[[ Task data, beginning ]]

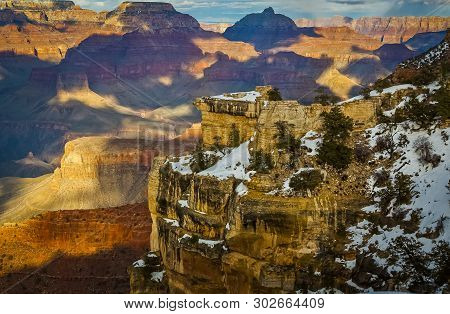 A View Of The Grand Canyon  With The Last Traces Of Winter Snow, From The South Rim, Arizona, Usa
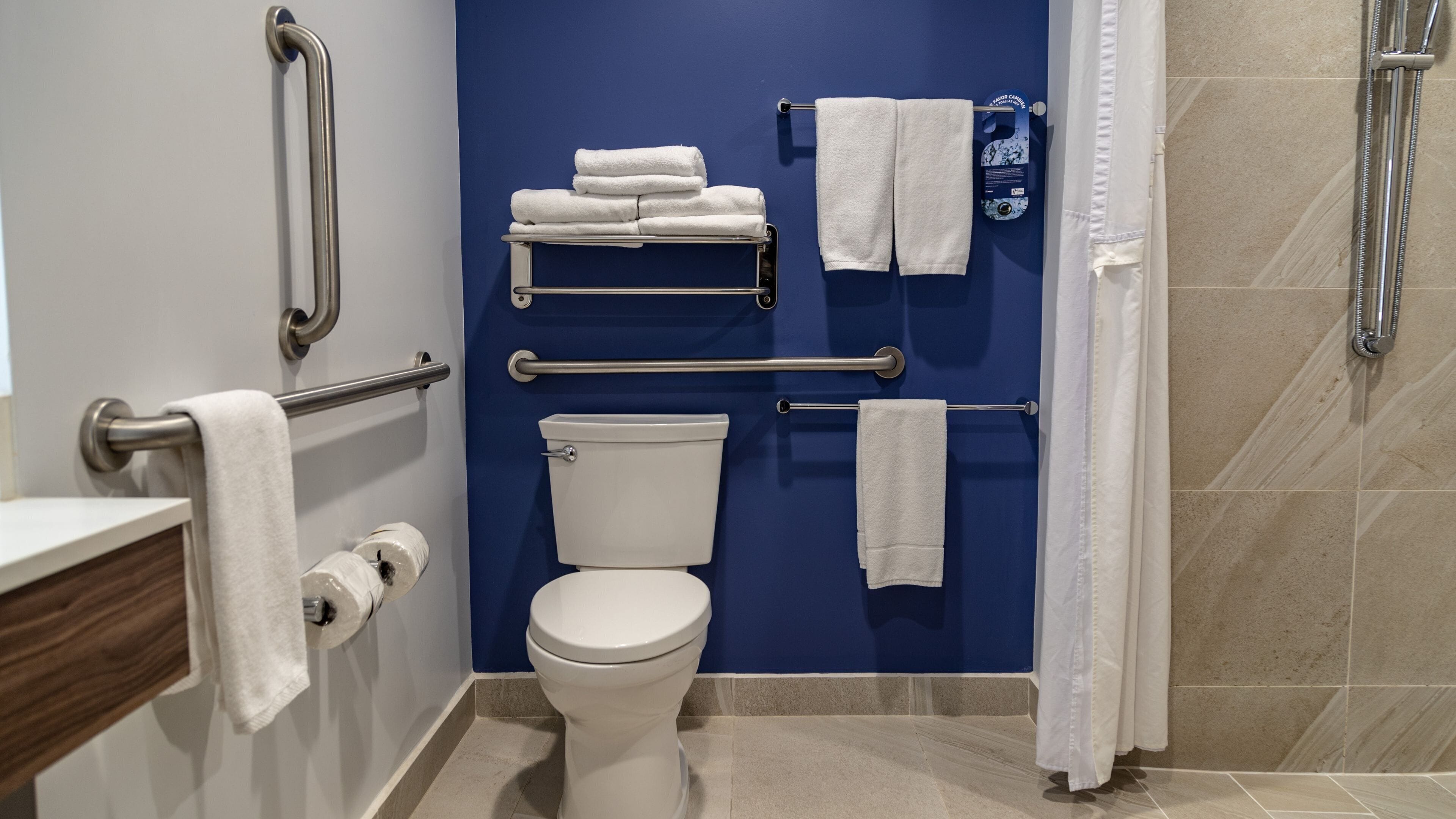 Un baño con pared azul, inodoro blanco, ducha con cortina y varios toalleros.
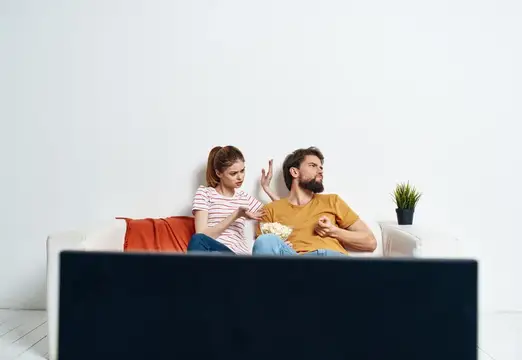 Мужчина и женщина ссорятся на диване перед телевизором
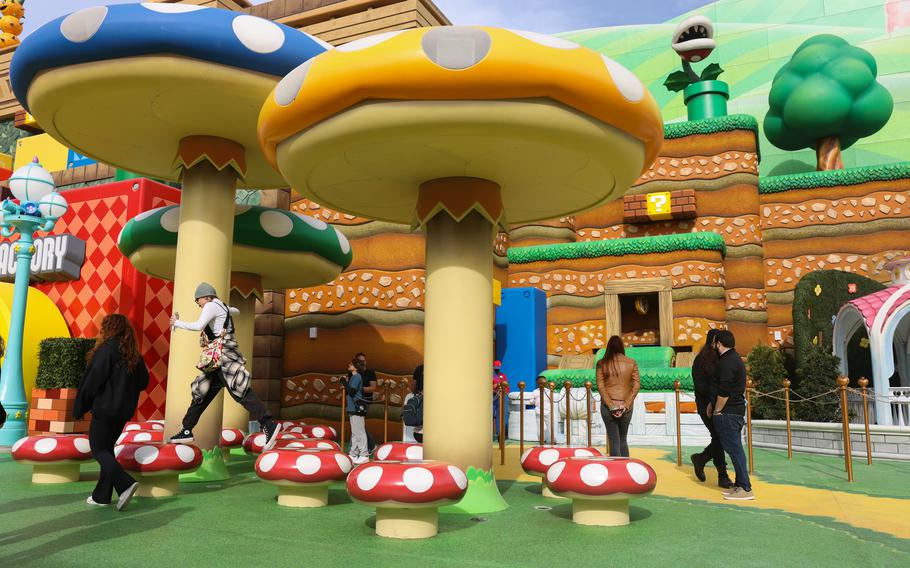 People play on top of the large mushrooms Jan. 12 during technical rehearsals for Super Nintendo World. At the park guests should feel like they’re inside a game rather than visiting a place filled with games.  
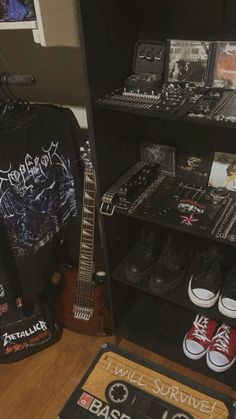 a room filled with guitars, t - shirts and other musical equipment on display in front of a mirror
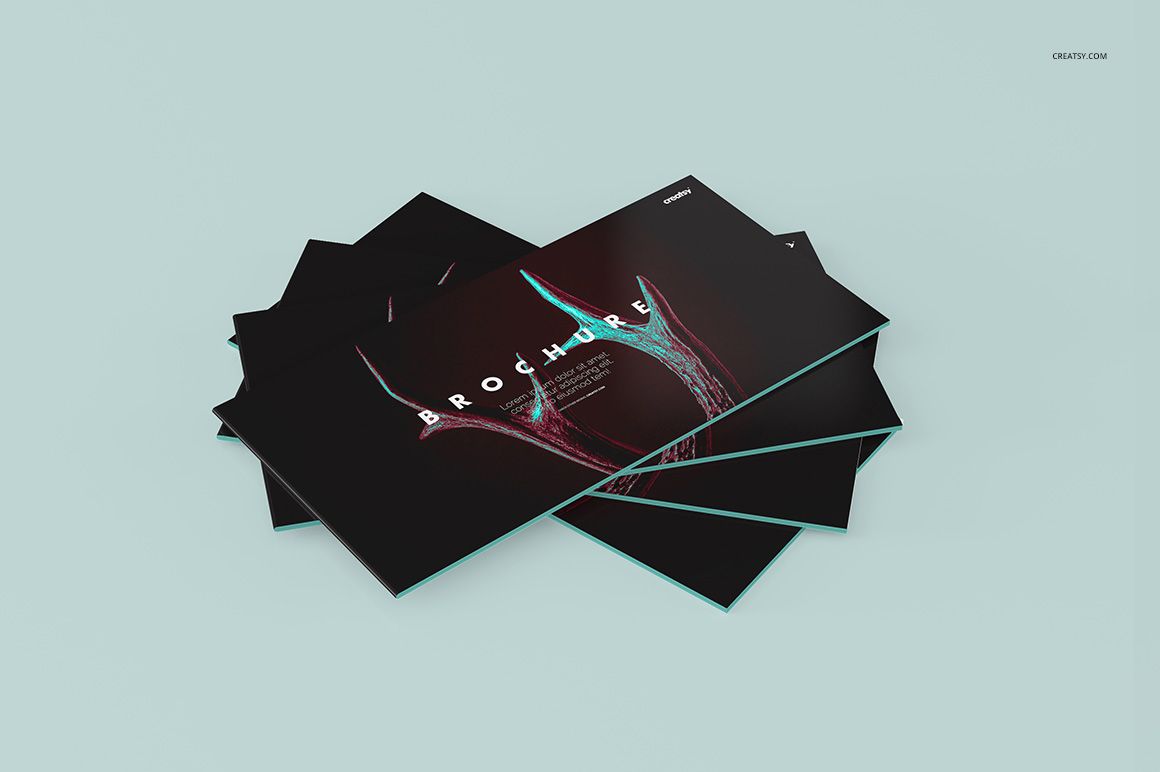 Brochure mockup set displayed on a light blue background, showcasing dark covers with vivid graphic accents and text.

[[ Task data, end ]]

▶ [About this exercise] Starting at the line that contains "Un baño con", write out every line through the end of the entries, both ends included, without any pictures.

▶ [Answer space]
 Un baño con pared azul, inodoro blanco, ducha con cortina y varios toalleros.
 Мужчина и женщина ссорятся на диване перед телевизором
 People play on top of the large mushrooms Jan. 12 during technical rehearsals for Super Nintendo World. At the park guests should feel like they’re inside a game rather than visiting a place filled with games.  
 a room filled with guitars, t - shirts and other musical equipment on display in front of a mirror
 Brochure mockup set displayed on a light blue background, showcasing dark covers with vivid graphic accents and text.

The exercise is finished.